TASK GOAL: For this exercise, output the line containing "Porsche 718 4.0 GTS, 2024" and all lines after it to the end of the records, exactly, with no other content.

Stored dataset items:

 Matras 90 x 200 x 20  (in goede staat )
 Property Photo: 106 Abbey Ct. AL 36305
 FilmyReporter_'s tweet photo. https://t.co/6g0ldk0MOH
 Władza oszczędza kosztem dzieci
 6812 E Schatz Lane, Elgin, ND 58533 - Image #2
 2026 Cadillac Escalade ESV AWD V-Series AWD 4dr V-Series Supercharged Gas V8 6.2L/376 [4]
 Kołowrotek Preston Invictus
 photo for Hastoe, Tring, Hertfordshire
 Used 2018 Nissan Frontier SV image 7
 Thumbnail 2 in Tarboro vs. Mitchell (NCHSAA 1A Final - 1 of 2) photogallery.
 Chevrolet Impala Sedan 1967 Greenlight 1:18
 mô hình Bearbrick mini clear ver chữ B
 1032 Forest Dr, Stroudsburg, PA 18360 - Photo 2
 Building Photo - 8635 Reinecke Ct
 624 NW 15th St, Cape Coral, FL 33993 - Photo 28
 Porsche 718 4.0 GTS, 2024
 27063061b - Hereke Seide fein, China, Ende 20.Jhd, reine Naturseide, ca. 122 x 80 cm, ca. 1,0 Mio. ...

THE ANSWER:
 Porsche 718 4.0 GTS, 2024
 27063061b - Hereke Seide fein, China, Ende 20.Jhd, reine Naturseide, ca. 122 x 80 cm, ca. 1,0 Mio. ...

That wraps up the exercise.